SMRs and AMRs

Sunday, April 12, 2009

Obamaism

by George Packer
April 13, 2009
The New Yorker

Another week, another earthquake. Having already signed a nearly eight-hundred-billion-dollar stimulus bill, restored the rule of law to America’s treatment of detainees in its custody, developed plans to shore up the banking and housing sectors, demanded new regulation of private equity and hedge funds, proposed sweeping reforms in health care, energy, and education, and deepened the country’s involvement in Afghanistan and Pakistan, President Obama, in his tenth week in office, effectively put the government in charge of a large part of the automobile industry. And that was just Monday. By midweek, at the G-20 meeting in London, he had also committed the United States in principle to a new global regulatory framework for financial markets and, by some accounts, had resurrected the art of Presidential diplomacy. Then, on Thursday night, he won passage of a $3.5-trillion budget, whose tax and spending provisions mark the end of a long-term trend toward greater inequality.
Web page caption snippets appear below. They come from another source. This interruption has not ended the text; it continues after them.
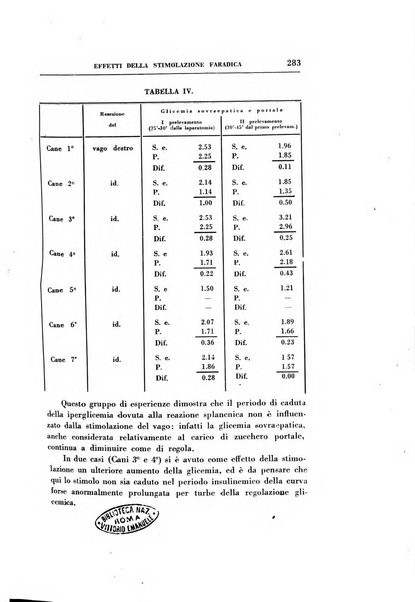 Rassegna di terapia e patologia clinica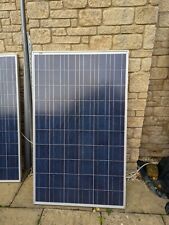 Powerglaz romag solar for sale  CHIPPING NORTON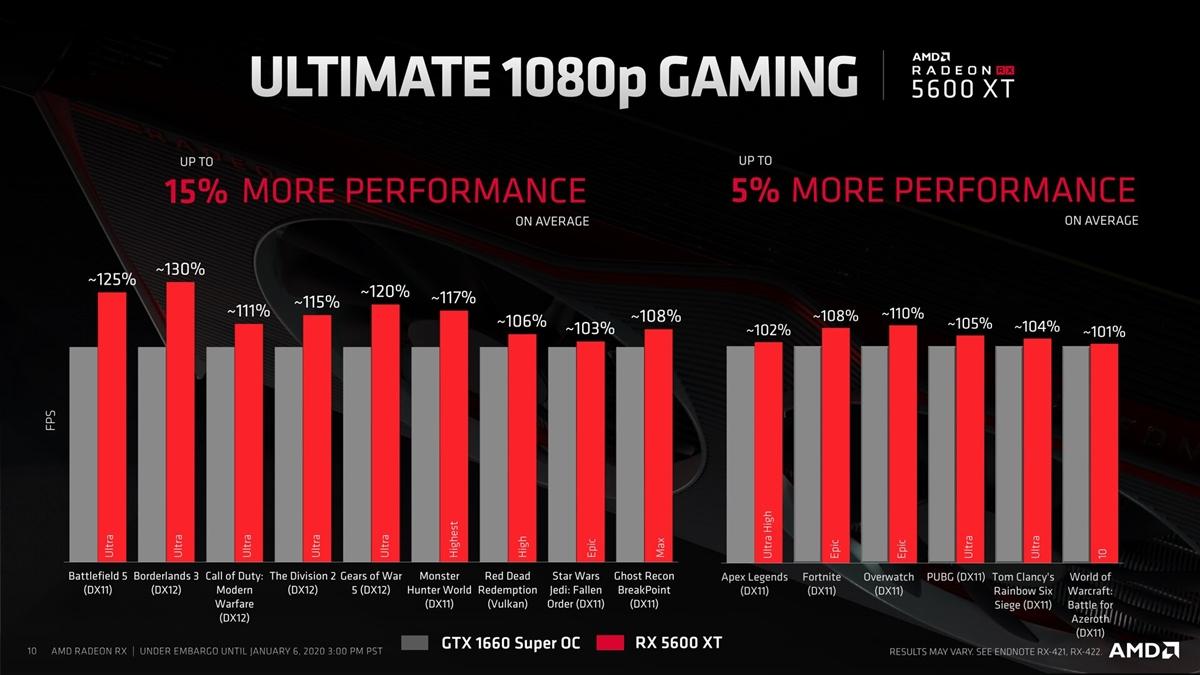 AMD Radeon RX 5600 XT Offiziell 4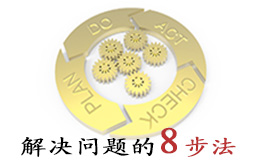 解決問題的8步法8D培訓課程總表 解決問題的8步法8D培訓課程總表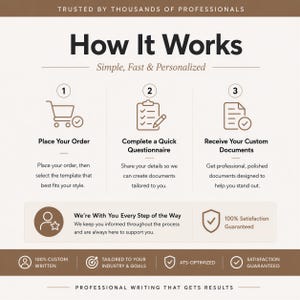 Resume Writer, Resume Writing Service, CV Writer, Resume Writing, ATS Friendly, Photo Resume, Professional Resume, Minimal Resume image 3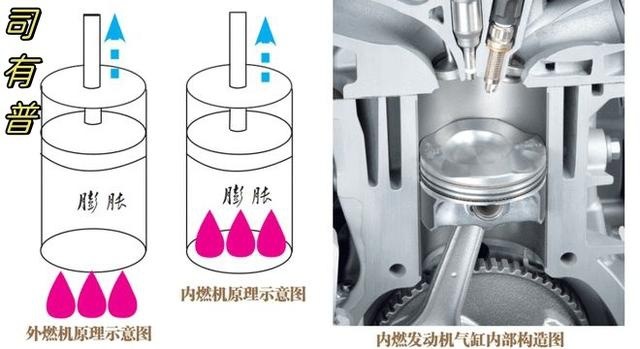关于四冲程发动机工作原理分析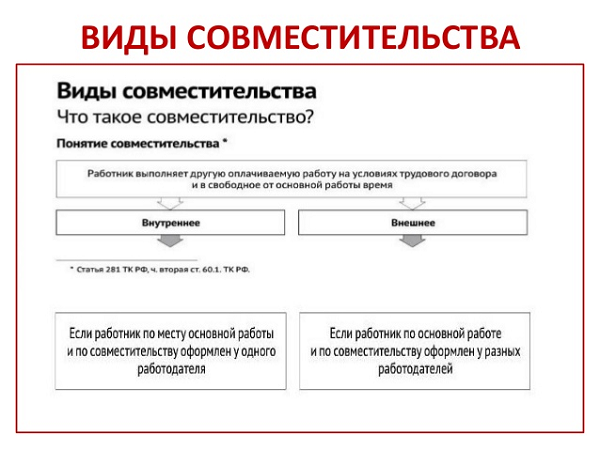 Что такое увольнение по совместительству?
Well short of Obama’s first hundred days, the dominant characteristic of his Presidency is clear: activist government, on every front. It’s harder to make out the contours of the philosophy at the core of this dazzling blur of action. Given the early and ample track record, there’s surprisingly little agreement over the nature of Obamaism. Obama’s signature projects defy grouping under a single heading, and, as a result, he has been criticized for inconsistency. To take one example, he forced the chief executive of General Motors, Rick Wagoner, into early retirement, and yet he has not called for the removal of any of the failed leaders of America’s financial institutions, like Bank of America’s Kenneth Lewis. He promised a federal guarantee of warranties for owners of G.M. and Chrysler cars, but he won’t put the government in temporary control of the banks, which are at the heart of the economic crisis. He is willing to spend $275 billion for homeowners’ relief, but he won’t let the government enter into the business of making direct loans. He has made health-care reform the ultimate test of his first year, but seems prepared to compromise on significant aspects of the legislation.
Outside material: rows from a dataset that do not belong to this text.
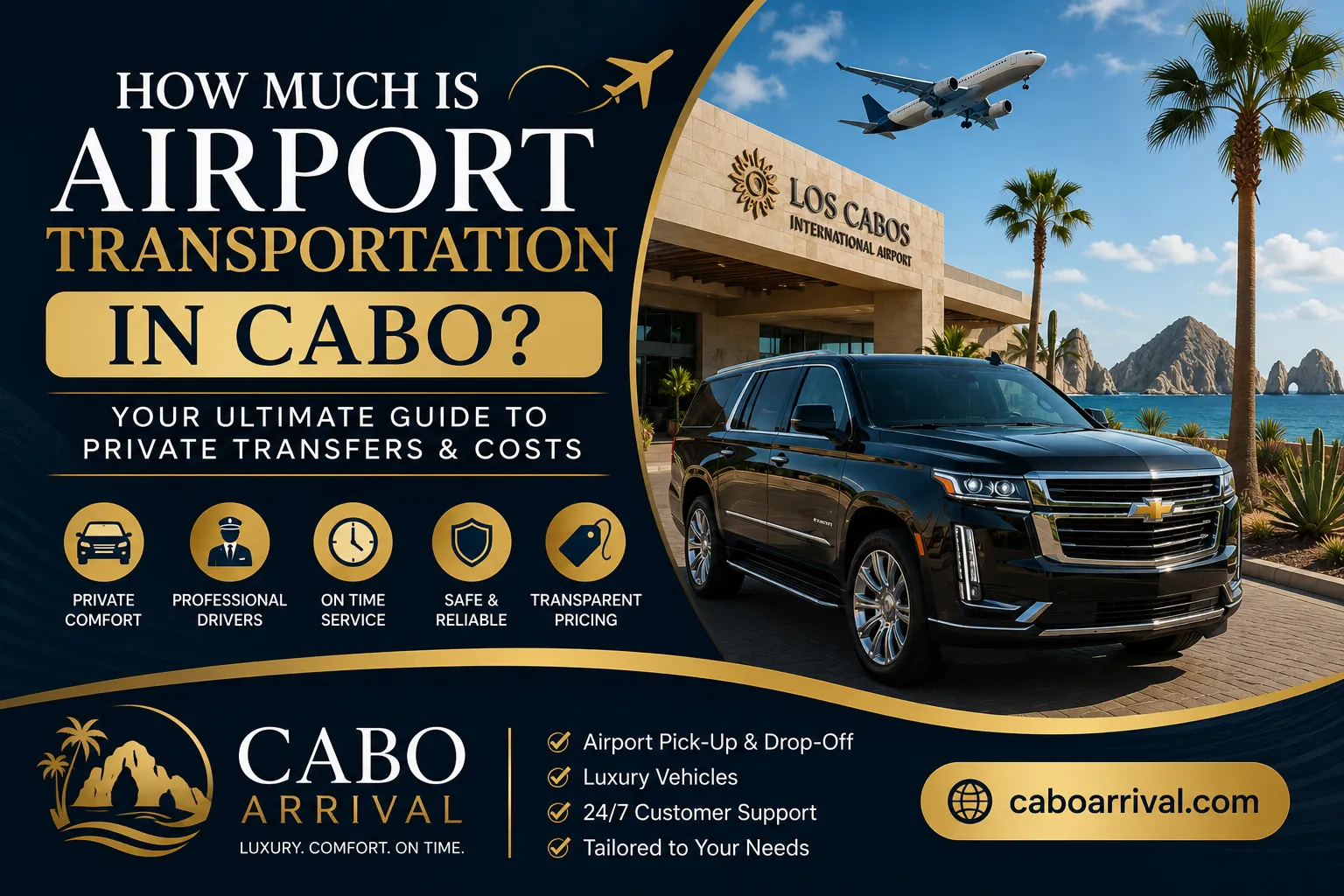 How Much is Airport Transportation in Cabo Your Ultimate Guide to Private Transfers & Costs_resultado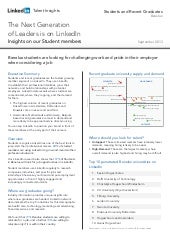 Benelux Students and Recent Grads |...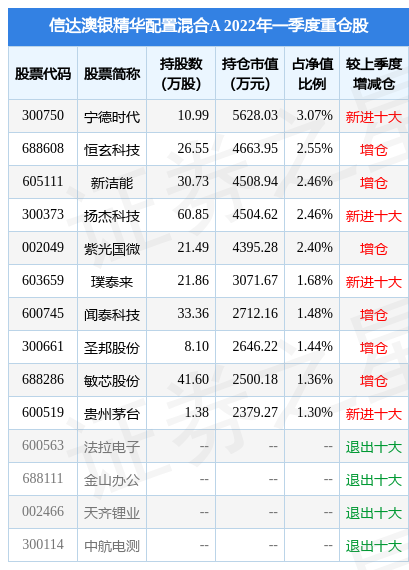 2024新澳免费资料五不中资料,收益成语分析落实_升级版9.123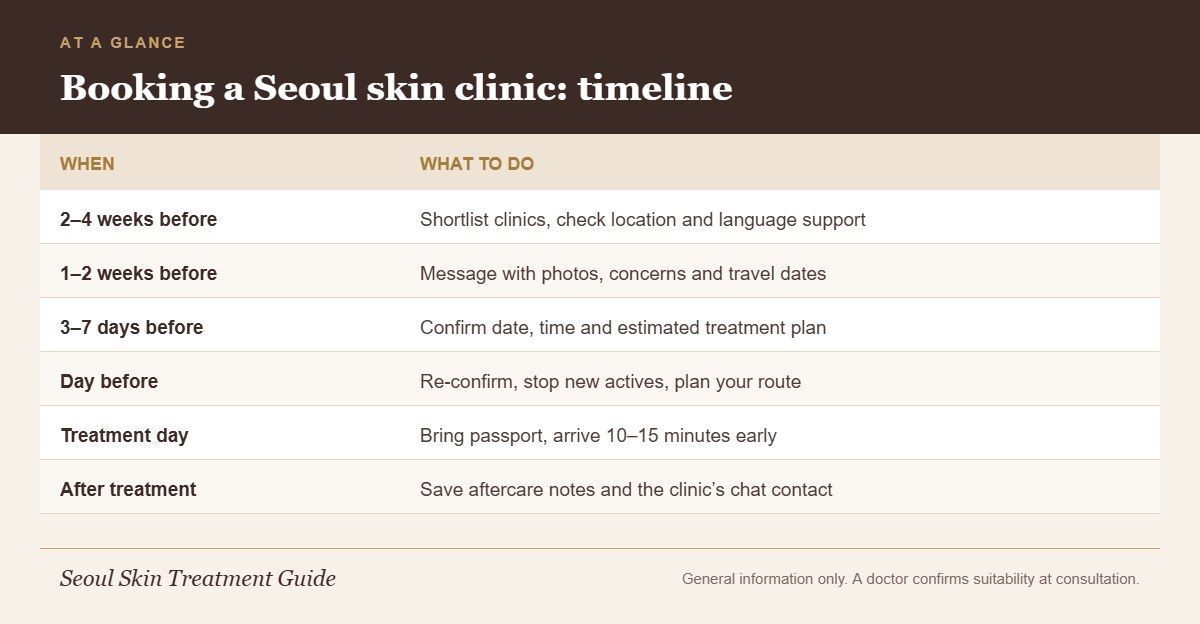 Timeline infographic showing when and how foreigners should book a skin clinic in Seoul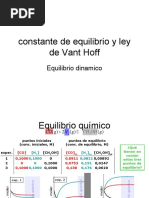 Constante de Equilibrio y Ley de Vant Hoff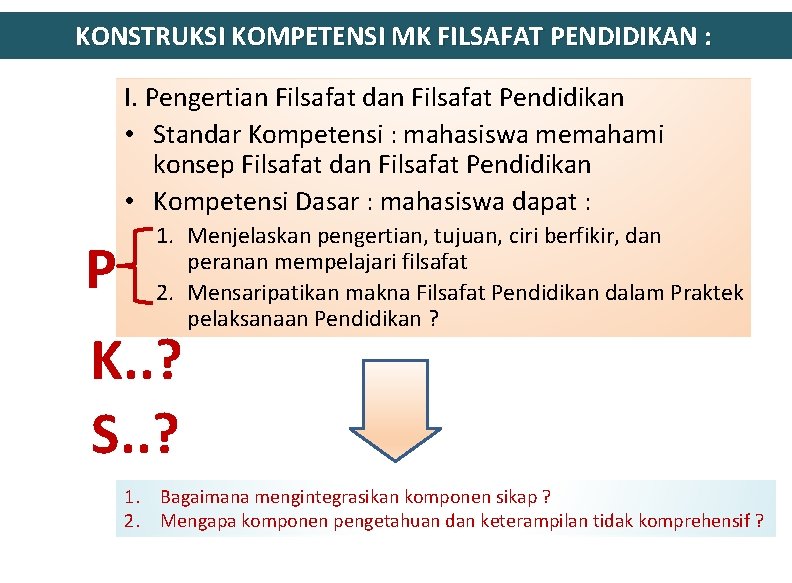 KONSTRUKSI KOMPETENSI MK FILSAFAT PENDIDIKAN : I. Pengertian Filsafat dan Filsafat Pendidikan • Standar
To liberals such as Robert Kuttner, of the American Prospect, and Paul Krugman, of the Times, these self-imposed limitations are unnecessary concessions to a free-market ideology that has been thoroughly discredited. In this reading, Obama lacks the courage of his activist impulses, and his hesitations will play right into the hands of his enemies. The usual reply to such criticism is that Obama is basically a pragmatist, who will do what he thinks can work. But pragmatism is a description of a temperament, not an explanation of a world view.